- _Task requirements_:
In the records below, find the line with "Schwarze damenhose goldprint" and the line with "Large Size Diamond"; return exactly those lines and every line between them.

- _The data_:
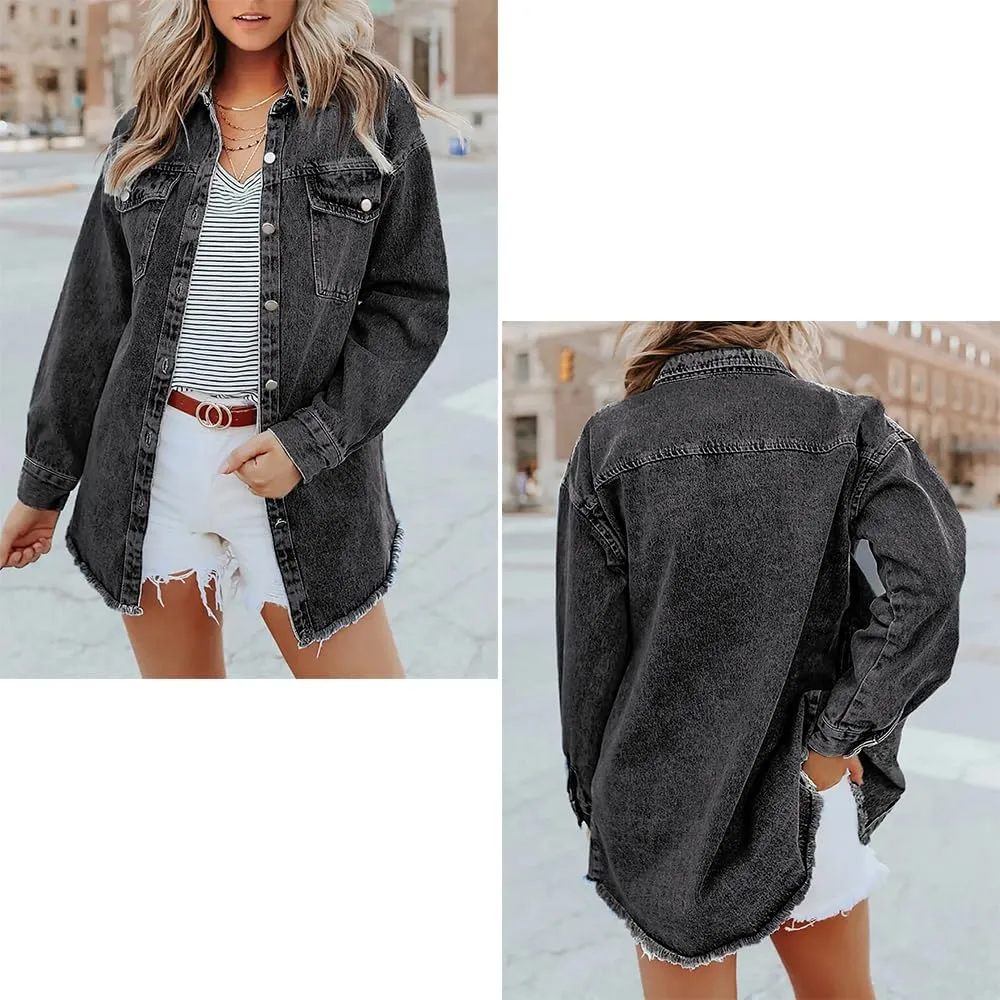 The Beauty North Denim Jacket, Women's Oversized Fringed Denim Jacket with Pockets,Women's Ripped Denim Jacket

...

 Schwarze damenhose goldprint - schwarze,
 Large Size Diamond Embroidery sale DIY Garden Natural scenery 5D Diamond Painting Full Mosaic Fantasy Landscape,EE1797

- _Answer to the problem_:
 Schwarze damenhose goldprint - schwarze,
 Large Size Diamond Embroidery sale DIY Garden Natural scenery 5D Diamond Painting Full Mosaic Fantasy Landscape,EE1797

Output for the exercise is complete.